Campinas passou a ser sua nova casa frente aos desafios de sua trajetória acadêmica. Mas você ficaria surpreso se soubesse que o preconceito tirou Nancy de sua primeira opção? “Sempre gostei muito de Matemática, sempre fui bem e essa era a matéria em que me saí melhor durante todo o Ensino Fundamental. No Ensino Médio, fiz colégio técnico em Edificações e queria ser Engenheira Civil. Porém, na época, se dizia que Engenharia Civil não era carreira para mulher e eu resolvi fazer Computação que era a grande moda na época. Não passei no vestibular, passei para Estatística e resolvi seguir essa carreira”, conta.
MULHERES NO TOPO
Após completar sua especialização no exterior, Nancy retornou ao Brasil em 1993 para atuar de forma efetiva na Unicamp. Através do conhecimento no doutorado, a professora trabalha com Probabilidade, e também na área de inferência para Processos Estocásticos e Análise de Dados Funcionais. Olhando para trás, ela admite que a maioria de suas inspirações em todos os processos educacionais foram homens, por isso a nova realidade da ABC é importantíssima para as meninas que sonham com a carreira na Matemática.
“Minhas referências quase todas eram masculinas desde a graduação, então acho muito importante que existam mulheres ativas que possam servir de exemplo de que ‘lugar de mulher é onde ela quiser’. É possível galgar todos os passos na carreira, no meu caso, na academia. Tivemos muitas conquistas nos últimos anos em termos de equidade de gênero, entretanto, ainda temos muito para alcançar, por exemplo, dentre os alunos de pós-graduação em Matemática/Probabilidade e Estatística, as mulheres são apenas 25%. Porém esta proporção diminui conforme se galgam os cargos mais altos da carreira. Esta conquista como membro da ABC é um mais passo nessa direção”, opina a pró-reitora de Pós-Graduação da Unicamp do período de 2018-2021 e coordenadora da área na Coordenação de Aperfeiçoamento de Pessoal de Nível Superior (CAPES).
LEGADO
Até hoje, Nancy publicou mais de 60 artigos científicos, alguns com elevada repercussão na comunidade internacional. Além disso, sua contribuição para os estudantes a fazer orientar mais de 35 trabalhos de Iniciação Científica, Mestrado e Doutorado. E para as novas gerações de matemáticos: qual o conselho da paulistana, que, agora como integrante permanente da ABC, ultrapassa mais uma barreira de respeito dentro da área?

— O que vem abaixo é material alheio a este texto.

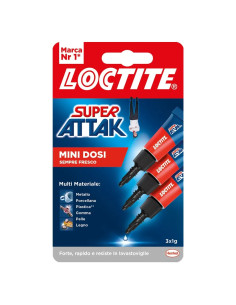 SUPER ATTAK 'LIQUID' - LOCTITE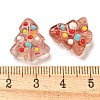 Handmade Lampwork Beads LAMP-B026-01D-3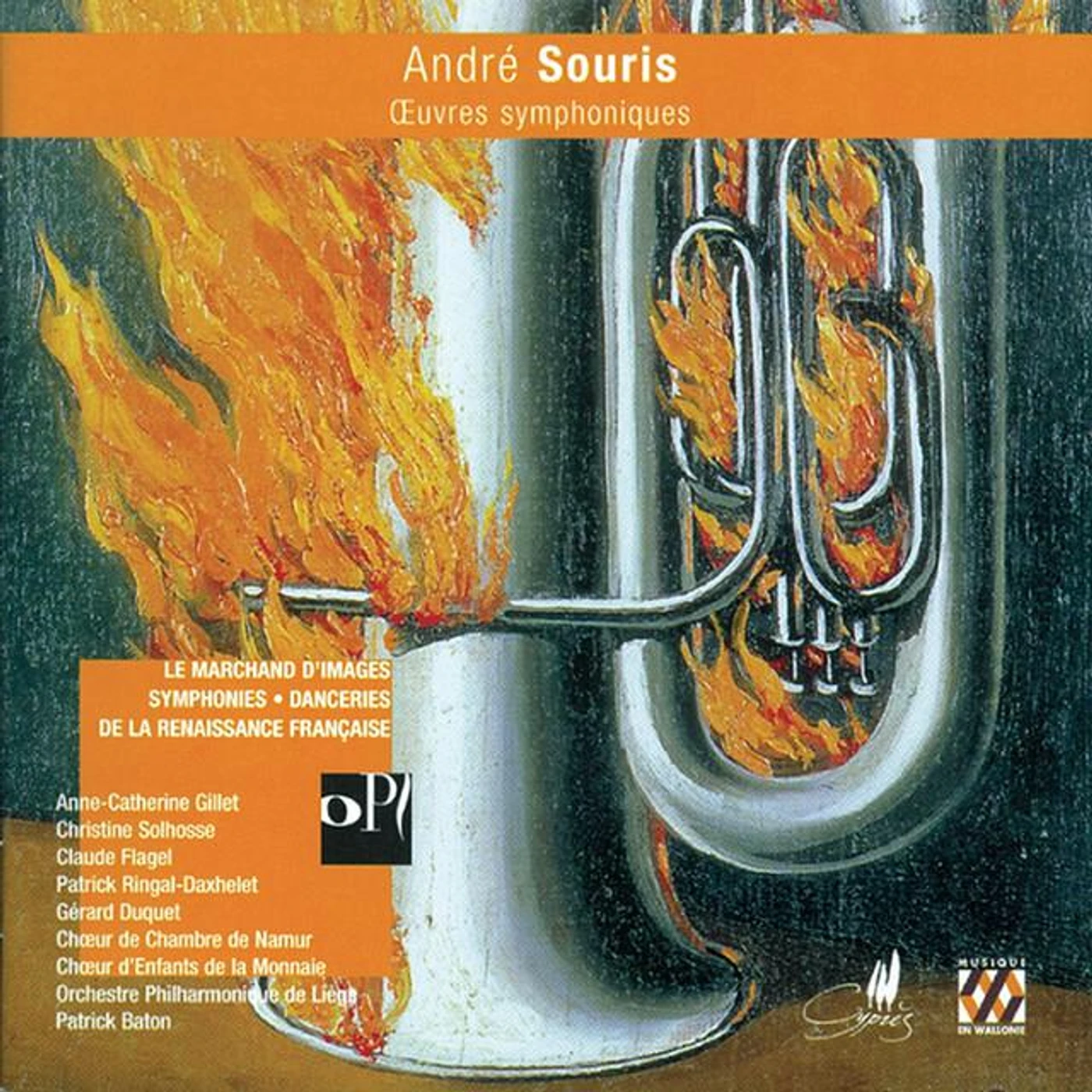 Claude Flagel Brand Page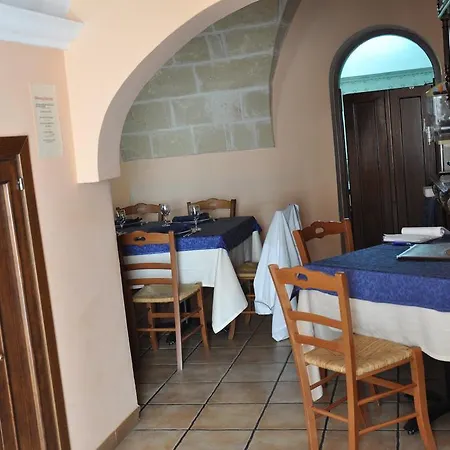 Al Borgo Antico Ristorante E 3*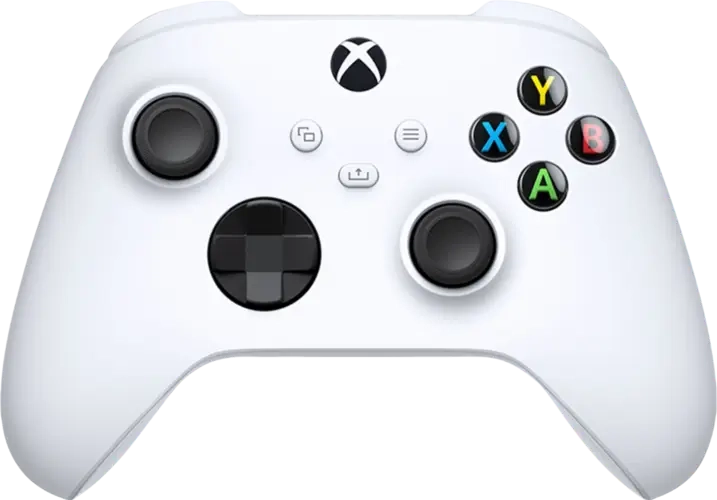 XBOX Series X|S Controller - White - Used  for sale in Egypt from Games2Egypt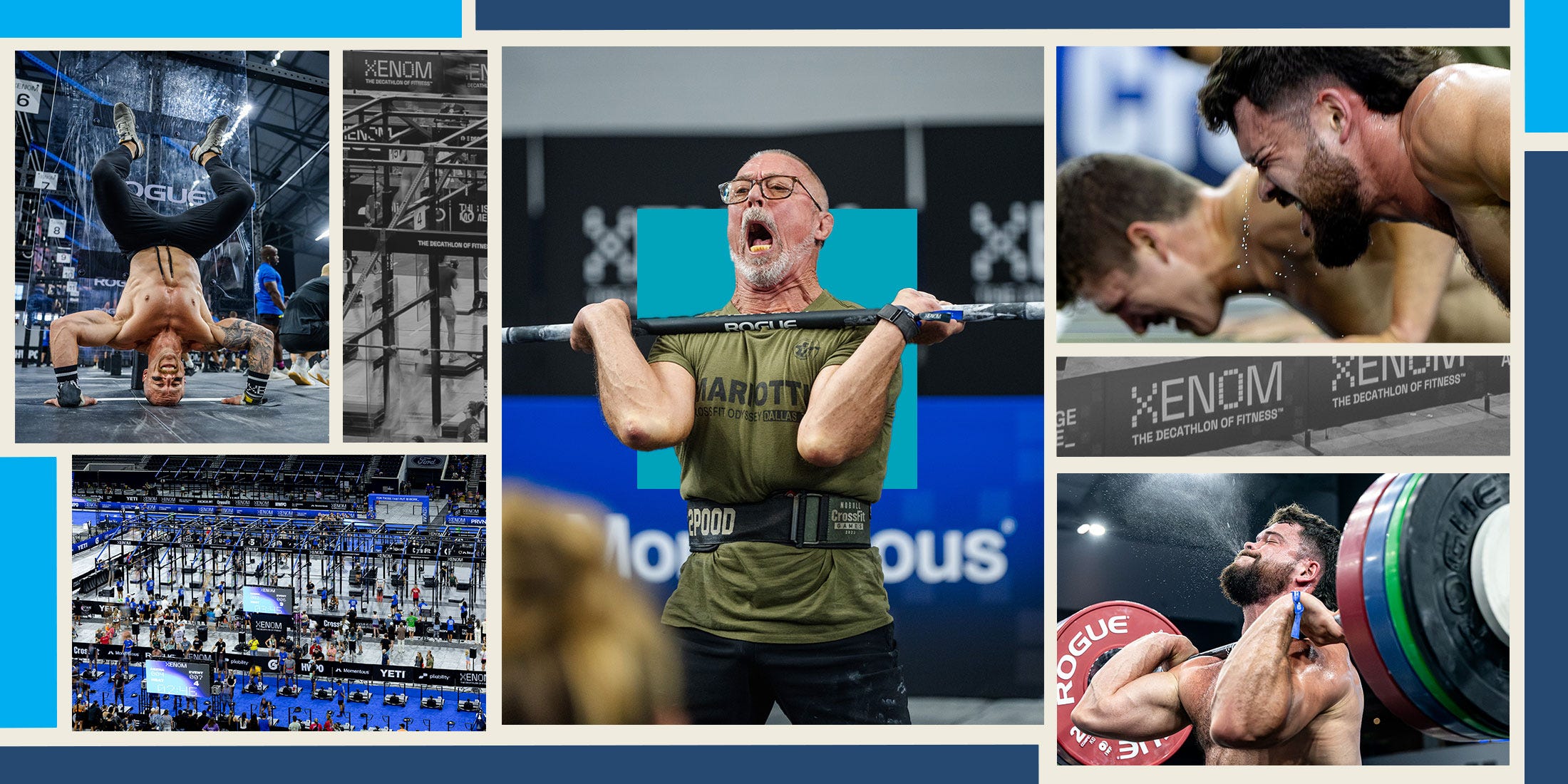 Explore o Novo Horizonte do Fitness Competitivo: Bem-vindo ao Xenom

“A Matemática é a linguagem do mundo. A área de Matemática é ampla, vai desde subáreas muito teóricas como Álgebra até subáreas muito aplicadas como Estatística e a tão badalada Ciência de Dados. Há campo de trabalho que vai desde universidades e núcleos de pesquisa, até indústria, mercado financeiro e análises forenses. Estudar Matemática amplia o horizonte, os matemáticos conseguem pensar de modo abstrato e ver conexões que outros não conseguem enxergar”, indica Nancy.